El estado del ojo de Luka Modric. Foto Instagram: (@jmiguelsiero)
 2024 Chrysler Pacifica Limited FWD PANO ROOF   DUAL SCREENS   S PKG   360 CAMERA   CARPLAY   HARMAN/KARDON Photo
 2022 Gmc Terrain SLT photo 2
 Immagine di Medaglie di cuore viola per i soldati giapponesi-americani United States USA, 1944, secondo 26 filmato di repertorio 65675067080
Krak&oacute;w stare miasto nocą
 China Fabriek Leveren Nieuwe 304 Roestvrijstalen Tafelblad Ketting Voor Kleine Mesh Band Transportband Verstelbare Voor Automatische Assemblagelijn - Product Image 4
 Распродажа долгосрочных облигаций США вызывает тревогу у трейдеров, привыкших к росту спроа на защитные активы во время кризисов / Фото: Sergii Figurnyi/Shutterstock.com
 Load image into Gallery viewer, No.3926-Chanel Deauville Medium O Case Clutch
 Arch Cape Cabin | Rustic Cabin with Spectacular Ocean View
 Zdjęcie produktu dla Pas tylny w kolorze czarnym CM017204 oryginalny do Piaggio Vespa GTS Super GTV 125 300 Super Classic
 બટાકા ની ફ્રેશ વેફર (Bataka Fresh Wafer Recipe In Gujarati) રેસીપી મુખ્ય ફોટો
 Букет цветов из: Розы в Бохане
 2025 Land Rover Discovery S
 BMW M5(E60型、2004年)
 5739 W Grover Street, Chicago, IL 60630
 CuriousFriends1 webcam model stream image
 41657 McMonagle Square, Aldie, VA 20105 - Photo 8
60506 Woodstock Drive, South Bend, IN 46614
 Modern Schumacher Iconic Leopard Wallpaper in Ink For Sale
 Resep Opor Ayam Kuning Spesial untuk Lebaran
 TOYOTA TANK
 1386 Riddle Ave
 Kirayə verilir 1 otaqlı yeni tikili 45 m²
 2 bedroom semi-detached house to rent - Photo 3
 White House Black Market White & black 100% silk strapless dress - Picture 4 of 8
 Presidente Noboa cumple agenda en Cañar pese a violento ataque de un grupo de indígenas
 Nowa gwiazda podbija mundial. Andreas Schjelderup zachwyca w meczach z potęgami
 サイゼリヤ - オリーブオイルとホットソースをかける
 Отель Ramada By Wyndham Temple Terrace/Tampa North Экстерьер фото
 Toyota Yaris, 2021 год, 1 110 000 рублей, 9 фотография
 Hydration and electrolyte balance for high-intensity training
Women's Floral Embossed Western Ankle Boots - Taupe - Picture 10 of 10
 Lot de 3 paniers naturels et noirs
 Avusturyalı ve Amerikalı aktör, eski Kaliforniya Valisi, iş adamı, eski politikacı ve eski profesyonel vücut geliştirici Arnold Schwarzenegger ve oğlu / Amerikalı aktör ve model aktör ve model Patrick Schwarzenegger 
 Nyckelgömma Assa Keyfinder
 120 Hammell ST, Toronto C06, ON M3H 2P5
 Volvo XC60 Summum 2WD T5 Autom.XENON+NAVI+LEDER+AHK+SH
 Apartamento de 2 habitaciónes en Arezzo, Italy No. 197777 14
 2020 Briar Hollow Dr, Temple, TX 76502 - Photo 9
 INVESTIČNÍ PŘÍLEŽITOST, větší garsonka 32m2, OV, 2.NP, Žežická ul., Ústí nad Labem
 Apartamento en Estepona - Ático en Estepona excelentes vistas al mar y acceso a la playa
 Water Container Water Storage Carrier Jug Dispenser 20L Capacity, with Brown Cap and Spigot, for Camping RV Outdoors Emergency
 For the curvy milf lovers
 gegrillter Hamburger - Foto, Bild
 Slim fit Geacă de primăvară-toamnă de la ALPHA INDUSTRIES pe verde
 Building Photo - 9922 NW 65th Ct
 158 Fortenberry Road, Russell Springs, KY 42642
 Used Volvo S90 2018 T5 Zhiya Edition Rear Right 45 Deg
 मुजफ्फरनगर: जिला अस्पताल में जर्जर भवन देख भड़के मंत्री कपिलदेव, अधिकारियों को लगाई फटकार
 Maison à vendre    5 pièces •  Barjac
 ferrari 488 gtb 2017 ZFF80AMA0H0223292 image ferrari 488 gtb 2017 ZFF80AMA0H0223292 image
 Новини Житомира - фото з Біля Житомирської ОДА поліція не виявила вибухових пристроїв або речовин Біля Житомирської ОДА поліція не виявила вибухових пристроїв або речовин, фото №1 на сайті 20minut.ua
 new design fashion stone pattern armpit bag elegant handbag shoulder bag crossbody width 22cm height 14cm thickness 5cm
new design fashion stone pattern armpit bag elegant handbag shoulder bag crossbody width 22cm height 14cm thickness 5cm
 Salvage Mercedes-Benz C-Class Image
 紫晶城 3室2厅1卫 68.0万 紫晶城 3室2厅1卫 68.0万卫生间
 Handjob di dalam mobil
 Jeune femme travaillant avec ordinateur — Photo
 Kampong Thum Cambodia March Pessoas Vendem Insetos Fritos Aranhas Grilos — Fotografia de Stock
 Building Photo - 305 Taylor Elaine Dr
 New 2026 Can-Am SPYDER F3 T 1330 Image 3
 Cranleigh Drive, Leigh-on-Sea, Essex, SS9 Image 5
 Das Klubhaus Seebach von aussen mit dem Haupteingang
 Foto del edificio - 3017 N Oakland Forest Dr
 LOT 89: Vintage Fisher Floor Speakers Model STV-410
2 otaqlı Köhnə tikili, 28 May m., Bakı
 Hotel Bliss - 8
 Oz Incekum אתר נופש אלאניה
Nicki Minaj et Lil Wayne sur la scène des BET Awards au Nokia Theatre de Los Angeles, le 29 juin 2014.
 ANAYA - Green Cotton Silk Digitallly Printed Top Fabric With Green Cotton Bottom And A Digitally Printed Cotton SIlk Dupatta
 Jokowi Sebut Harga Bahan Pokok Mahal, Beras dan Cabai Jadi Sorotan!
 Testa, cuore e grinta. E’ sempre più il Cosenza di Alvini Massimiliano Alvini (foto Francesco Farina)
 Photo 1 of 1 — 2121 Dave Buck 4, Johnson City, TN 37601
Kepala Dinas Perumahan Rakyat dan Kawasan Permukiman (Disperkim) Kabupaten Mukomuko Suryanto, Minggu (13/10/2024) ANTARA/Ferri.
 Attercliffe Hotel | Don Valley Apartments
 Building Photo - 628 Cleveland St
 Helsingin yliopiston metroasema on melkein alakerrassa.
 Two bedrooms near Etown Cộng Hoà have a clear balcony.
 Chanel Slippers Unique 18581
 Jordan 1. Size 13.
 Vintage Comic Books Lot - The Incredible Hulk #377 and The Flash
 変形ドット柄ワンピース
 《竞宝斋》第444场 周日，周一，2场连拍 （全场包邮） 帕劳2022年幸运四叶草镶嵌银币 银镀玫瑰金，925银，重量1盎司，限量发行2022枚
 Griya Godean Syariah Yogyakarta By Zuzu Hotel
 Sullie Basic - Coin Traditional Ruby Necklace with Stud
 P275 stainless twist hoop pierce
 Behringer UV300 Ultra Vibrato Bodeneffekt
════
• _What the exercise asks_: From the records above, extract exactly and only the lines that begin at the line with "Modern Schumacher Iconic" and stop after the line with "White House Black".

• _Exercise output_:
 Modern Schumacher Iconic Leopard Wallpaper in Ink For Sale
 Resep Opor Ayam Kuning Spesial untuk Lebaran
 TOYOTA TANK
 1386 Riddle Ave
 Kirayə verilir 1 otaqlı yeni tikili 45 m²
 2 bedroom semi-detached house to rent - Photo 3
 White House Black Market White & black 100% silk strapless dress - Picture 4 of 8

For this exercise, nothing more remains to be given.